André Dhotel écrit dans le Guide de nulle part et d’ailleurs :

« Vous lirez dans ce livre la description de Gormenghast inventé par Mervin Peake (Londres, 1950). C’est un château aux dimensions telles que si l’on se place à une fenêtre on aperçoit les bâtiments débordant les horizons de toutes parts. Or si vous visitez un château réel, comme l’énorme château de Sedan, évitez de rapporter le vrai sur l’imaginaire ou inversement, car vous risqueriez de tout confondre, et l’un et l’autre cous échapperont. Simplement, rapprochez les jusqu’à ce qu’ils se touchent sans aucun empiétement. Et voici que soudain se révèle à vous le sens de l’imaginaire en même temps que celui du réel. Ecoutez bien [1]. »

C’est de l’intervalle entre le sens du réel et le sens de l’imaginaire tel qu’on peut l’entendre dans l’écriture de Fourier qu’il sera ici question.

L’apprentissage de la musique est le fondement de l’éducation sociétaire et prépare la voie d’accès aux perfections qui conviendront à l’âme harmonienne, c’est-à-dire la justesse, la vérité, l’unité mesurée.

Aucun étonnement à ce que la musique, « harmonie parlante », ce langage divin, préside au fondement de l’Harmonie. L’importance de la musique (en pratique et en théorie) n’est plus à démontrer.

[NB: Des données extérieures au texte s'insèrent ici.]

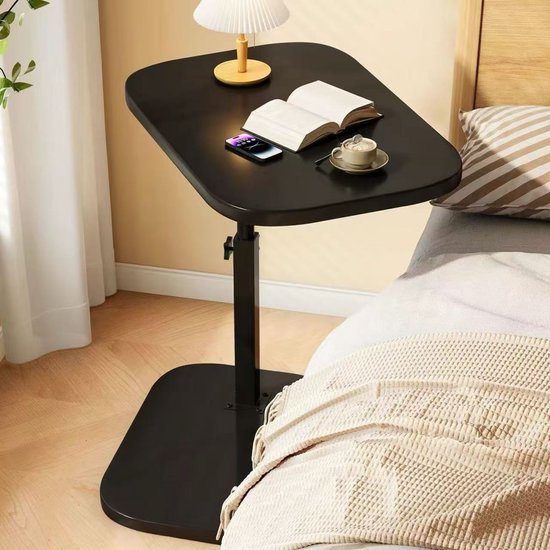 Table d'appoint noire avec lampe, livre et téléphone à côté d'un lit.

Lorsqu’il veut analyser les passions, analyse nécessaire à la théorie de l’Attraction passionnée, Fourier utilise le système musical dont il emprunte les règles et surtout le vocabulaire.

« Les passions étant distribuées par 12 comme les sons musicaux et ayant dans leur développement une parfaite analogie avec les claviers et les sons musicaux », Fourier déduit les unes des autres effectuant des combinaisons de caractères (ou de sons) dans d’innombrables combinaisons où interviennent des calculs qu’il veut exigeants car il prétend ne rien laisser à l’arbitraire...

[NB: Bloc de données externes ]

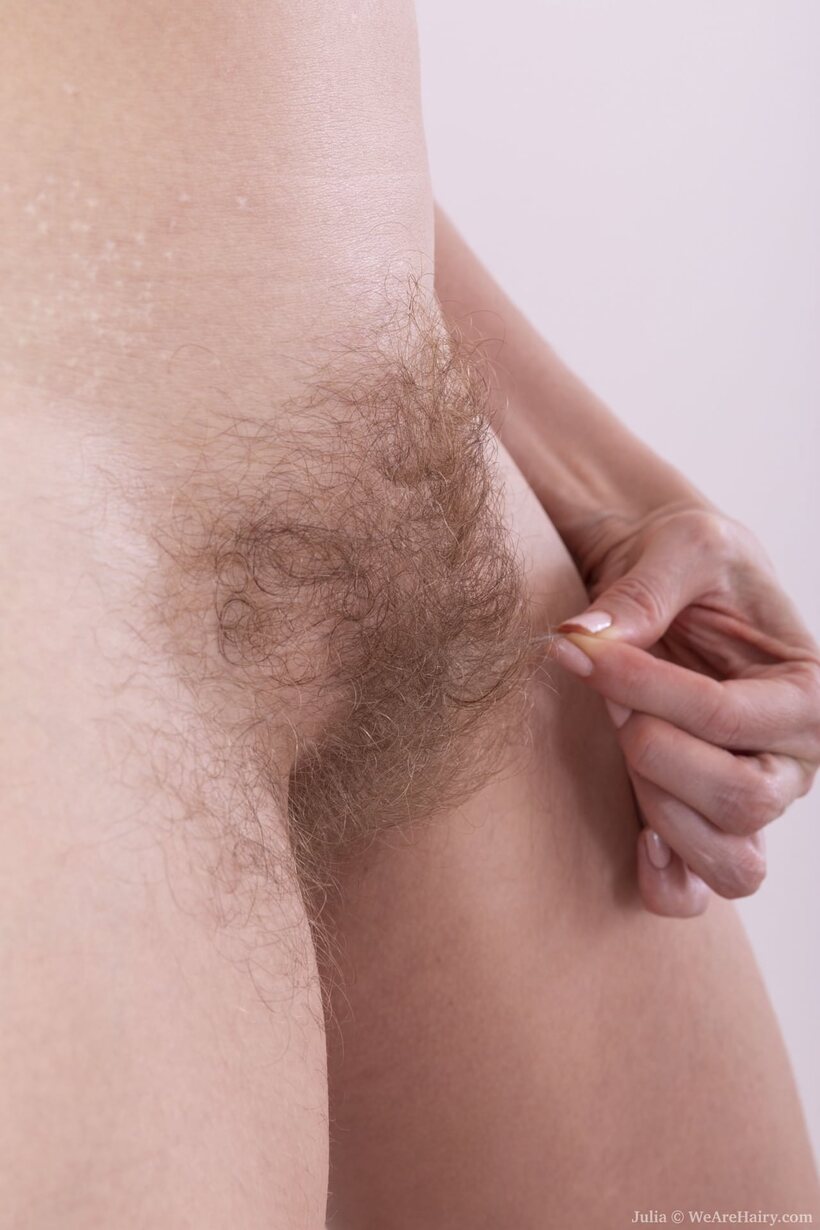 Photo 18 — Naked blonde MILF Julia fingers her thick hairy pussy with eager hands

Fourier s’engage, dans la mesure de ces passions, qui, par le libre jeu de leurs accord inédits, risqueraient dans un élan d’attraction démesurée, de déborder toutes les gammes imaginables.

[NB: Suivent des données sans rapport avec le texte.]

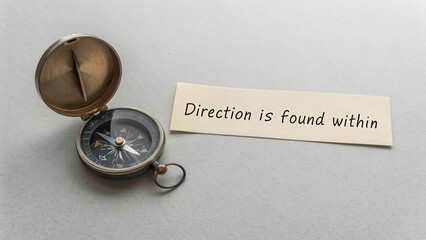 Vintage Compass on Table with Inspirational Message About Direction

Soucieux d’exactitude scientifique, il redouble de vigilance car le bonheur annoncé se trouvera, dit-il, dans les résultats de l’étude et non pas dans l’étude elle-même.

« Les mathématiques et la musique sont les principales des harmonies mesurées à nous connues. Aussi sont-elles éminemment le langage divin : les mathématiques par la justice, et la musique par la justesse [2]. »

Celui qui aspire à l’honneur d’être le « libérateur du genre humain », fondateur de l’Harmonie, soit par désir de gloire, soit par ambition et convoitise de l’Omniarchat ou sceptre héréditaire du globe, doit désirer qu’une opération de si pressant intérêt soit étayée de théories suffisantes [3].

Ce ne sont pas tant les théories et résultats de son étude qui nous intéressent ici, que le fondement de l’étude même et le pourquoi de son goût, qu’il qualifie de « goût universel des nations » pour tout ce qui tient à la mesure matérielle, comme la poésie, la musique, la danse, qui sont des harmonies mesurées en langage, en son, en démarche.

Quel est le sens de la démarche mesurée et démesurée de Fourier, ou encore pourquoi ne peut-il échapper à l’attraction d’écrire une utopie ? En d’autres termes, quelle serait la nature de l’élan qui incite à composer ces formidables jeux d’écriture que sont les utopies ? La nature de l’élan qui permettra le saut de chaos en harmonie ?

La réalité de l’Utopie est de l’ordre du texte qui est lui-même sa propre référence. Les utopies sont des êtres de langage, comme l’explique Louis Marin dans Utopiques, jeux d’espace [4]. Tous les utopistes ont montré une fascination pour le langage - déjà Thomas More qui a créé le mot -, de même Fourier qui se donne toutes les raisons de créer des néologismes afin d’agrandir l’espace dont il dispose pour inscrire son utopie et remplir l’intervalle qui se situe dans les limites mêmes de son projet d’écriture. Où se situe cet intervalle ?

L’écriture de l’utopie, c’est le fondement d’un ailleurs, d’un monde autre, c’est-à-dire d’un autre réel possible, déjà possible de par son écriture.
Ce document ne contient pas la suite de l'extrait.